The principal contributions of this paper are summarized as follows:

(1)

An STGC module is proposed. This module constructs a graph structure using the geographical location information of wind turbines and historical power data. By integrating Graph Attention Network (GAT) and one-dimensional convolutional operations, it simultaneously addresses the spatial dependencies between turbine locations within a wind farm and the temporal dependencies of historical wind power data, thereby enhancing the model’s spatio-temporal feature learning capabilities.

(2)

The time series decomposition module (TSDM) decomposes data into seasonal and trend components, enabling the model to better capture long-term trends and periodic fluctuations, thereby improving prediction accuracy.

(3)

Design a spatio-temporal modeling module based on the EA-enhanced Transformer. The EA-enhanced Transformer module not only captures the spatio-temporal dependencies in the wind power data but also leverages the self-attention mechanism of the Transformer to provide global information, thereby improving the extraction of trend and seasonal features.

(4)

To evaluate the STGCformer model’s accuracy, validation across multiple time steps (24, 48, 72, 96) on the ACM KDD Cup 2022 competition dataset demonstrated that STGCformer achieves optimal accuracy compared to existing models.

2. Feature Analysis

2.1. Problem Definition and Data Preprocessing

STWPF remains fundamentally a time series prediction problem. This paper builds upon this foundation by incorporating spatial dependencies between wind turbines within wind farms to enhance prediction accuracy, though time series forecasting remains the primary approach. In this study, we combined Interquartile Range (IQR) filtering and the local 3-sigma rule to ensure data quality and consistency. Specifically, IQR filtering was used to remove extreme values outside the upper and lower quartiles, which are typically considered outliers. The local 3-sigma rule detects outliers by calculating the standard deviation of local data, marking values that deviate from the local mean by more than three times the standard deviation. By combining these two methods, we were able to effectively clean the data and remove outliers that did not conform to the overall trend. After IQR filtering, approximately 4% of the samples were marked as outliers and removed; applying the local 3-sigma rule further removed 3% of the samples, and missing data was filled using forward and backward linear interpolation methods. This approach allowed us to remove extreme values and anomalous fluctuations, ensuring data quality and the stability of model training. The data was then processed with reversible normalization (RevIN) as per Equation (1).

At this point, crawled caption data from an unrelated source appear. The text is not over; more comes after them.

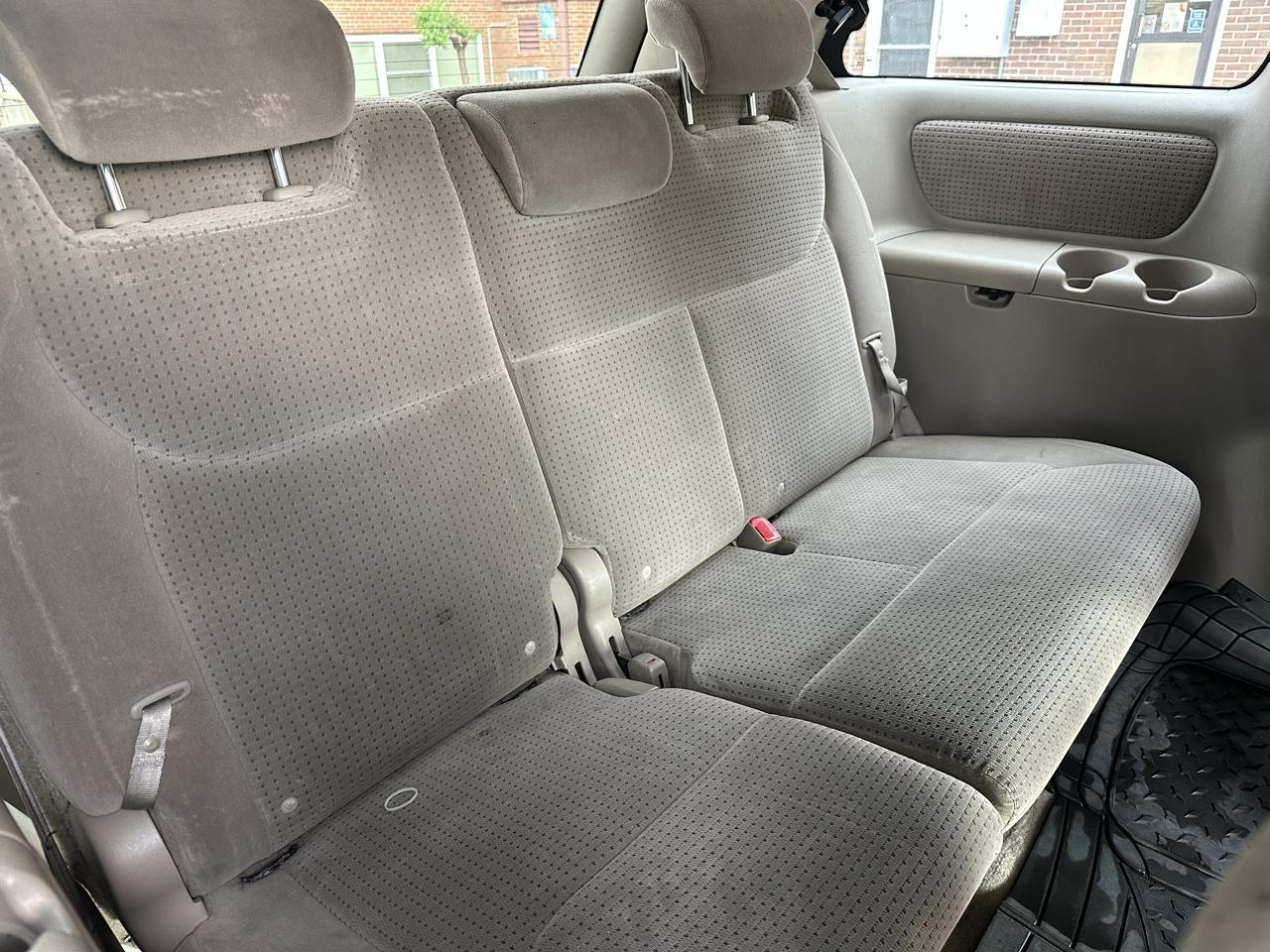 Toyota Sienna 5dr 7-Pass Van V6 LE FWD (Natl) 2006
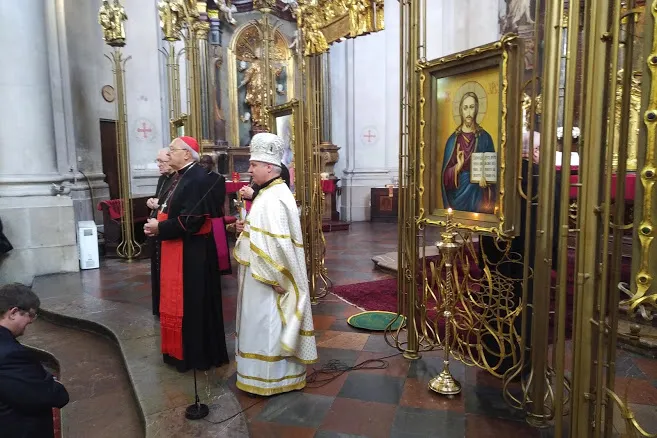 Alcuni momenti della vista del Cardinale Sandri a Praga |  | CCO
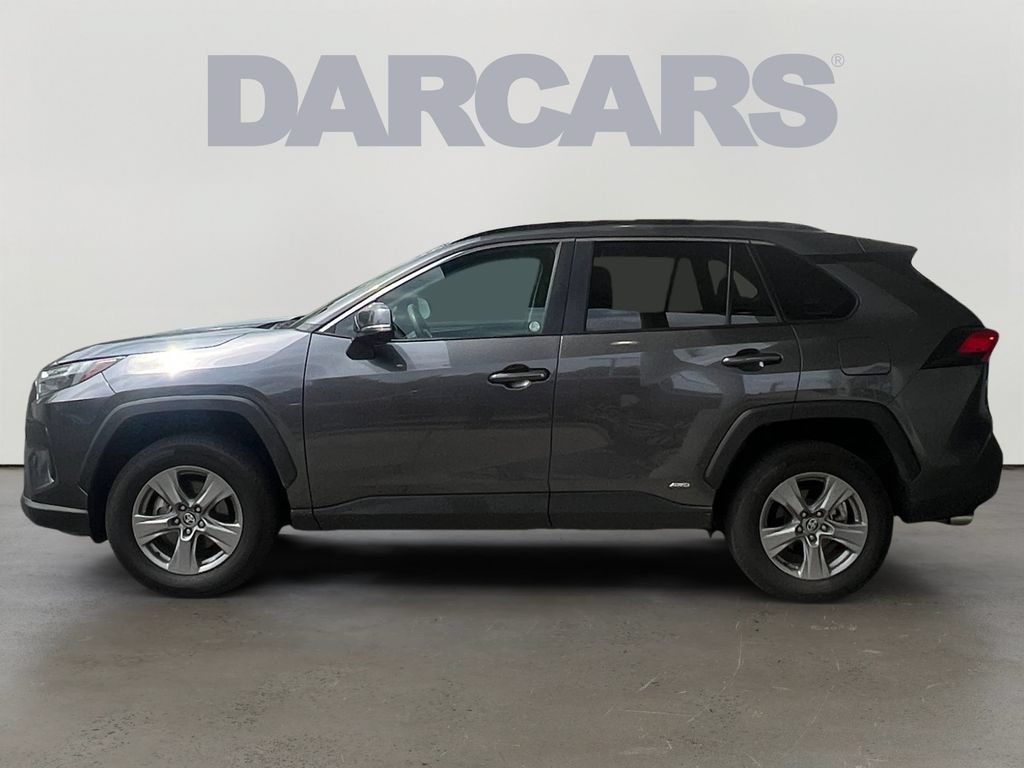 Used 2025 Toyota RAV4 XLE AWD/4WD image 4
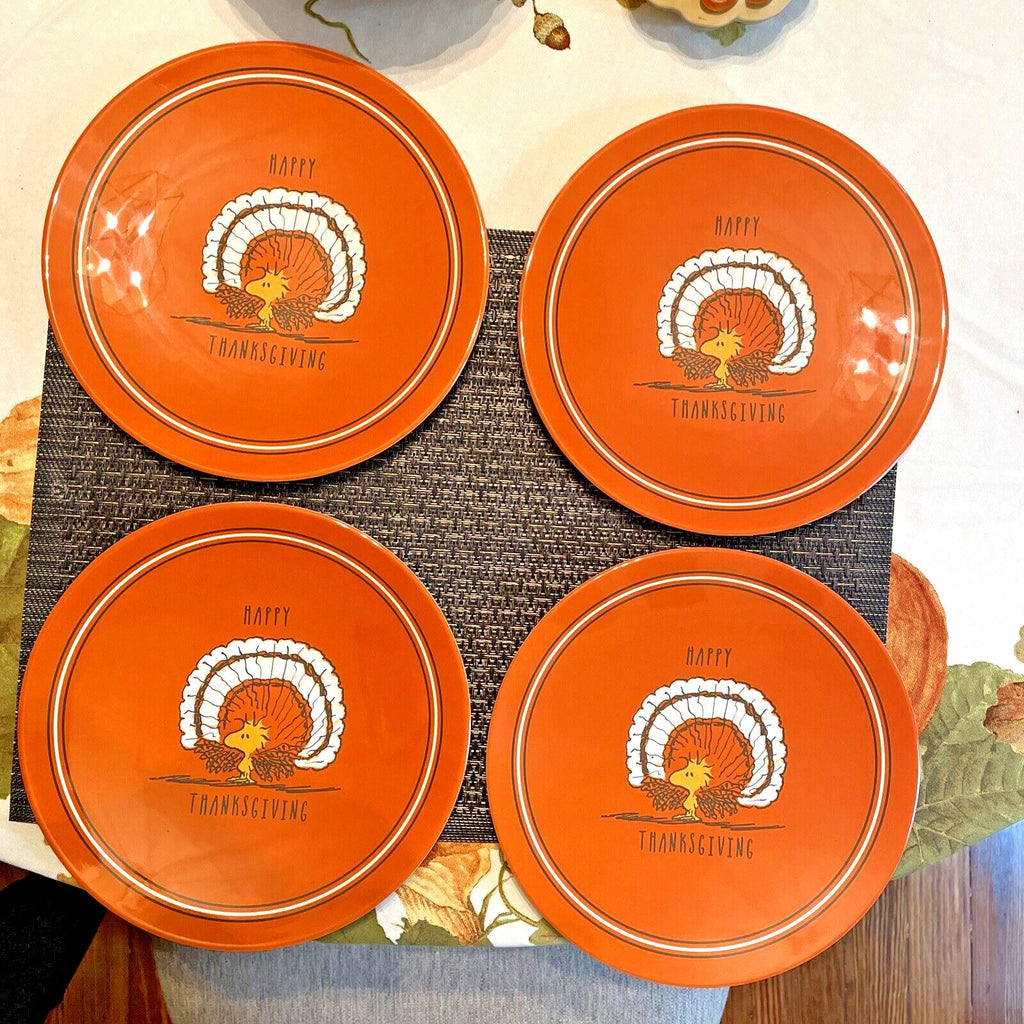 Pottery Barn Peanuts Snoopy holiday Thanksgiving party Disney DINNER PLATE SET 4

$$x_{norm,i}={\displaystyle \frac{x-\frac{1}{n}{\displaystyle \sum _{i=1}^n}{x}_i}{\sqrt{\frac{1}{n}{\displaystyle \sum _{i=1}^n}{(x_i-\frac{1}{n}{\displaystyle \sum _{i=1}^n}{x}_i)}^2}}}$$

(1)

In this process, ${\displaystyle \frac{1}{n}}{\displaystyle \sum _{i=1}^n}{x}_i$ is the mean of the global data from the training set, and ${\displaystyle \frac{1}{n}}{\displaystyle \sum _{i=1}^n}{(x_i-{\displaystyle \frac{1}{n}}{\displaystyle \sum _{i=1}^n}{x}_i)}^2$ is the variance of the global data from the training set. Through RevIN, we ensure that different features have the same scale, effectively preventing some features from affecting the model’s training performance due to scale differences.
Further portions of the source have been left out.